§ Input
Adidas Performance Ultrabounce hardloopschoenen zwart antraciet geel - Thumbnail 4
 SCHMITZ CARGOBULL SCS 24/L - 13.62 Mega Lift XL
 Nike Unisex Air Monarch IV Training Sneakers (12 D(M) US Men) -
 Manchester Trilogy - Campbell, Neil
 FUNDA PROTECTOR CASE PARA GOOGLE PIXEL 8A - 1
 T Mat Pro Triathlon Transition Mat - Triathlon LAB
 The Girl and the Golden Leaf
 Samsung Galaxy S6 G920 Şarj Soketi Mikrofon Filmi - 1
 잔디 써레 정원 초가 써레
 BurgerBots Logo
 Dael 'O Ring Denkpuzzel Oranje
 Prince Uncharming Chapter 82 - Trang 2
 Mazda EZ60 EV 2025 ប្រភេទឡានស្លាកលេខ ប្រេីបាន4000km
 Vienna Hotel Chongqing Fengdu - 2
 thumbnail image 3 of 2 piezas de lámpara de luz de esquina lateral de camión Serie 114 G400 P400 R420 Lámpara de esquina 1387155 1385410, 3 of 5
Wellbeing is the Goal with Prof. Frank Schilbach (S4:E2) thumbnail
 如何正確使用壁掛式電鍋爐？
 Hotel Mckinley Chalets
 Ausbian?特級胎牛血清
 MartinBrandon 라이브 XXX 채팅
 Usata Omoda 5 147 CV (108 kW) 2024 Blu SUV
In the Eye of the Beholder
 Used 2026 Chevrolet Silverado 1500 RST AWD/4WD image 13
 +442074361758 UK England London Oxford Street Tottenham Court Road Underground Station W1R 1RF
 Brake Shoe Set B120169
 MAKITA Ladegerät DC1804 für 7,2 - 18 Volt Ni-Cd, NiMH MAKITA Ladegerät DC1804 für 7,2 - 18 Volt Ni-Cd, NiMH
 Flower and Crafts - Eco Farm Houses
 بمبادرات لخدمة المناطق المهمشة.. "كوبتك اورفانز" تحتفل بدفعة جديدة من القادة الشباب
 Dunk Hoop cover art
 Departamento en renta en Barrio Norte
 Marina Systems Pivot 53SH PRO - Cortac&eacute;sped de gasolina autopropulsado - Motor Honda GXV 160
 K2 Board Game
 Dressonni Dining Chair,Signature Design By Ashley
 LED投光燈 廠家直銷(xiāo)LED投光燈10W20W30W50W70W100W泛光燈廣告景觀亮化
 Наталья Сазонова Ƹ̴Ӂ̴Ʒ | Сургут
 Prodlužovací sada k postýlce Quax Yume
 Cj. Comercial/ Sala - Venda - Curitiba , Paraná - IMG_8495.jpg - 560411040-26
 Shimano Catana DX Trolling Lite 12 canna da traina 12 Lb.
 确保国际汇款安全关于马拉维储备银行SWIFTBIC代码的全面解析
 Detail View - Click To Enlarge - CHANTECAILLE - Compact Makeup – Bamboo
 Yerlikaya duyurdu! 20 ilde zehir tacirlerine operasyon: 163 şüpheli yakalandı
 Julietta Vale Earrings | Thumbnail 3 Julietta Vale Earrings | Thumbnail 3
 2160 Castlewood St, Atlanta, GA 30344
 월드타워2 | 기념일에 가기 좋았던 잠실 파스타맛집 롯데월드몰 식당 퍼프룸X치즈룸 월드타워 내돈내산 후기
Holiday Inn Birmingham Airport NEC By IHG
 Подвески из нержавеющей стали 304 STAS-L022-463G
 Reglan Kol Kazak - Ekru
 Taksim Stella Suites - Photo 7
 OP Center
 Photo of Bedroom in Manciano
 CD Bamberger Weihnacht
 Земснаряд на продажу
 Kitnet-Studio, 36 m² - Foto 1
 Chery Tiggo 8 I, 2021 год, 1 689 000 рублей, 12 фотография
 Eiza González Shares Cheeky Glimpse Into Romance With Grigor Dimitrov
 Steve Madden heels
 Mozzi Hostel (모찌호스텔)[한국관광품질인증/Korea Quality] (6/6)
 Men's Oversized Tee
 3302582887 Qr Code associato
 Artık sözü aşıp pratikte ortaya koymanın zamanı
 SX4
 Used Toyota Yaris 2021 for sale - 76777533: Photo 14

§ Your objective
Look through the data above and report every line in which "Hotel" appears.

§ Written response
 Vienna Hotel Chongqing Fengdu - 2
 Hotel Mckinley Chalets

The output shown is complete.